Judgment, Supreme Court, New York County (Paula J. Omansky, J.), entered June 9, 2004, upon a jury verdict, awarding plaintiff damages, unanimously affirmed, without costs.
Defendant Young Manor was properly found liable under Labor Law § 200 on the ground that it created the hazard that caused plaintiff's injury. Given defendant's creation of the hazard, proof that it had supervision and control of the injury-producing work was unnecessary (see Murphy v. Columbia Univ., 4 A.D.3d 200, 202, 773 N.Y.S.2d 10  ), as was proof that defendant had notice of the hazard (see Torres v. New York City Tr. Auth., 305 A.D.2d 165, 759 N.Y.S.2d 72 ; Soto v. City of New York, 276 A.D.2d 449, 716 N.Y.S.2d 1 ; Martinez v. City of New York, 224 A.D.2d 242, 243, 637 N.Y.S.2d 706  ).

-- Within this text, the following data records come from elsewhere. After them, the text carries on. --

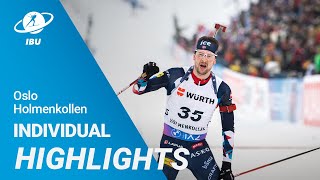 World Cup 2324 OsloHolmenkollen Men Individual Highlights [upl. by Stokes]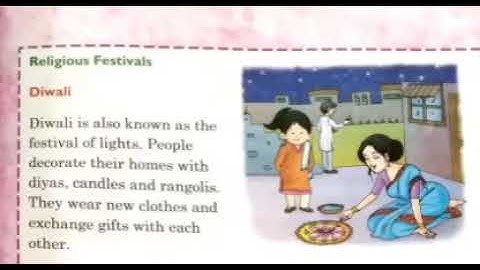 Subject : EVS , Class : 2, Chapter : 5 , I Celebrate . Part : 1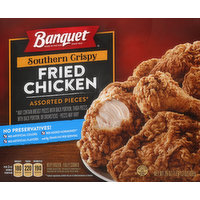 Banquet Fried Chicken, Southern Crispy, 29 Ounce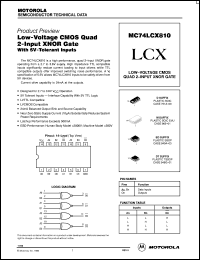 Click here to download MC74LCX810M Datasheet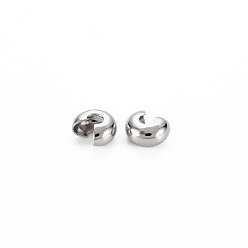 Platinum Brass Crimp Beads Covers, Nickel Free, Platinum, 5.5x6.5x3.5mm, Hole: 2mm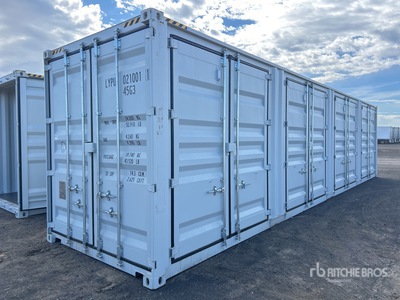 2025 40 ft High Cube Multi-Door Storage Container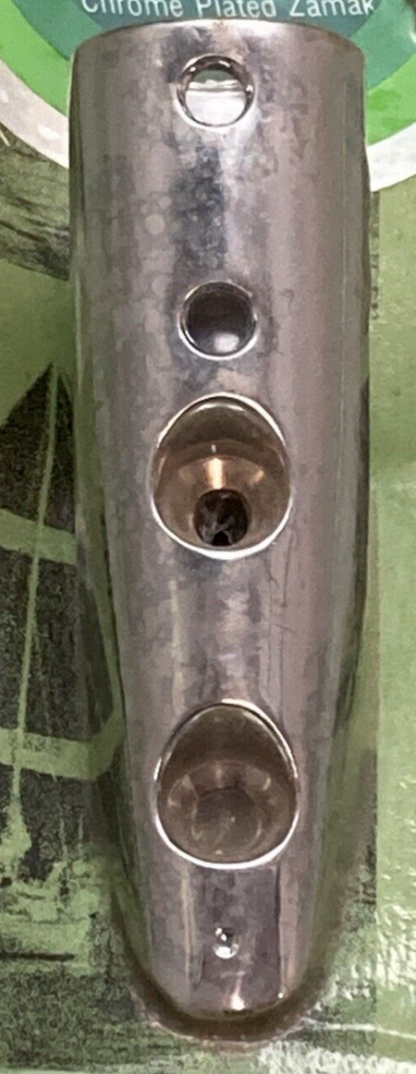 NEW GENUINE ATTWOOD 1296-50 RAIL BASE 30° CHROME PLATED W/ SET SCREWS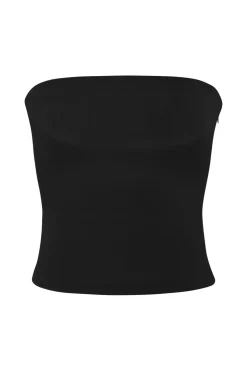 The Ritts Strapless Top in Stretch Cupro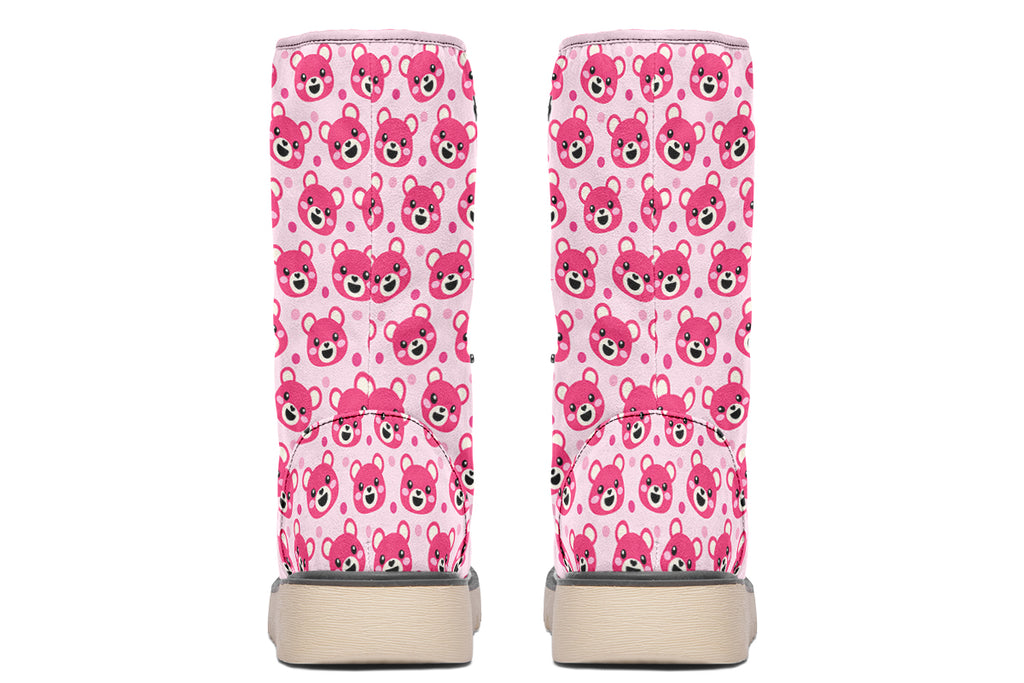 Pink Bear Faces
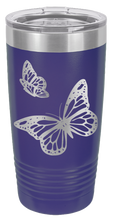 Load image into Gallery viewer, Butterflies Design Laser Engraved Tumbler (Etched)
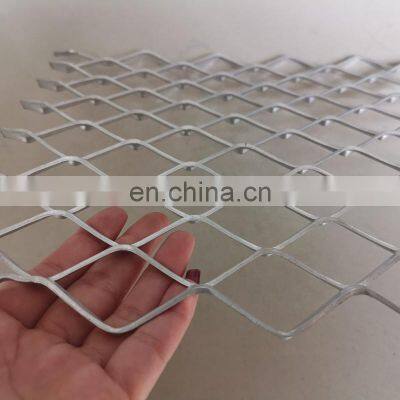 Powder coated aluminum expanded metal mesh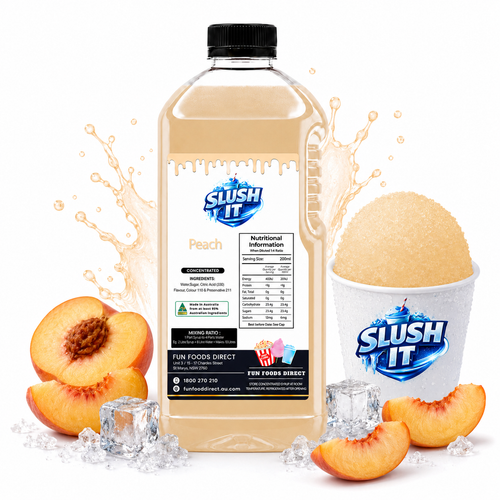 Peach Sno Cone Bottle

In light of the circumstances under which the accident occurred, i.e., plaintiff stepped on a nail near a pile of debris in the work area that had been permitted to accumulate for several days, Industrial Code (12 NYCRR) § 23-1.7(e)(2) is applicable to support plaintiff's Labor Law § 241(6) claim (see Maza v. Univ. Ave. Dev. Corp., 13 A.D.3d 65, 786 N.Y.S.2d 149 ; Canning v. Barney's New York, 289 A.D.2d 32, 734 N.Y.S.2d 116  ). Nor, in light of the accumulated debris, is there merit to defendant's contention that hazard must be viewed as having been an integral part of plaintiff's work removing wood paneling (see Maza, supra ).
Defendant's contentions that the jury verdict failed to address an essential element of plaintiff's Labor Law § 241(6) cause of action, namely, whether violation of Code § 23-1.7(e)(2) constituted negligence, and that such failure was inconsistent with the court's charge, are unpreserved, no objection having been made to the jury sheet (see Laboda v. VJV Dev. Corp., 296 A.D.2d 441, 745 N.Y.S.2d 67  ). In any event, the court's charge, together with the verdict sheet, conveyed to the jury that it was not to proceed to determine whether violation of Code § 23-1.7(e) caused plaintiff's injury unless it found that such violation constituted negligence. Accordingly, defendant was not prejudiced by the verdict sheet omission (see Brewster v. Prince Apts., Inc., 264 A.D.2d 611, 616, 695 N.Y.S.2d 315 , lv. denied 94 N.Y.2d 762, 708 N.Y.S.2d 51, 729 N.E.2d 708  ).
The third-party indemnification claim was properly dismissed in view of the verdict finding defendant affirmatively negligent (see Itri Brick & Concrete Corp. v. Aetna Cas. & Sur. Co., 89 N.Y.2d 786, 658 N.Y.S.2d 903, 680 N.E.2d 1200  ).